The "NLP - Extract Entities" Custom Step allows you to use the Natural Language Processing capabilities of SAS Visual Text Analytics to pull entities out of documents or freeform text. You also get the starting byte and the ending byte where the entities were found.
This version supports the nine out-of-the box defined entities ("nlpDate", "nlpMeasure", "nlpMoney", "nlpOrganization", "nlpPercent", "nlpPerson", "nlpPlace", "nlpTime").
The step also allows you to optionally pull out the "nlpNounGroup"s found.
NLP - Extract Entities Options tab
Standalone mode | Flow mode |
---|---|
About tab
- SAS Viya version 2022.12+
- A license that supports the textParse.tpParse CAS action (such as a SAS Visual Text Analytics (VTA) license or a SAS Visual Data Mining and Machine Learning (VDMML) license.)
- At runtime: an active connection to CAS: This custom step requires Cloud Analytics Services.

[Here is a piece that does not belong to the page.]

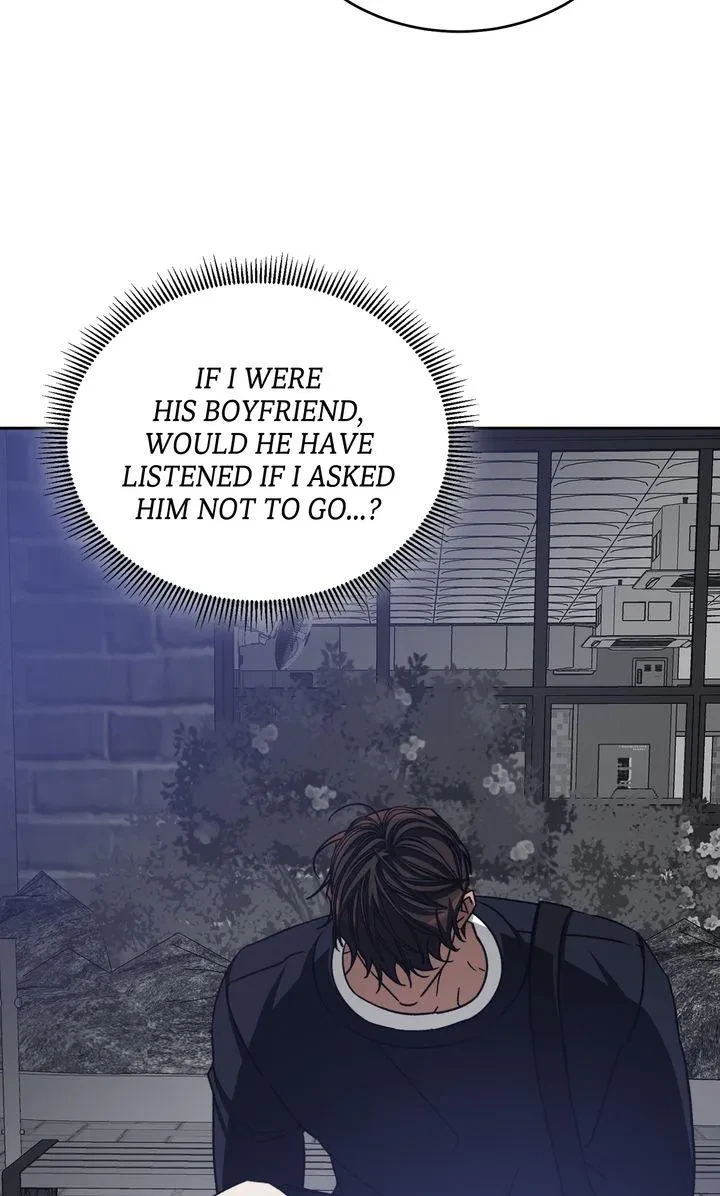Chapter 56, page 81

Ensure you have an active CAS connection available prior to running the step.
- input table must be in a caslib
- input table must contain a column containing a Document ID
- input table must contain a column containing the document(s) or freeform text
- a minimum of one entity must be specified for extraction (default is "nlpPerson")
The extras folder contains a file with sample data of resumes from which you can extract entities like nlpPerson and nlpDate. You just need to load this txt file into a caslib (like CASUSER).
-
Version 1.1 (13DEC2023)
- expanded support to include the nine out-of-the-box defined entities.
- added check that input is a CAS table
- optimized data post-processing and delete intermediate tables
-
Version 1.0 (12DEC2022)
- Initial version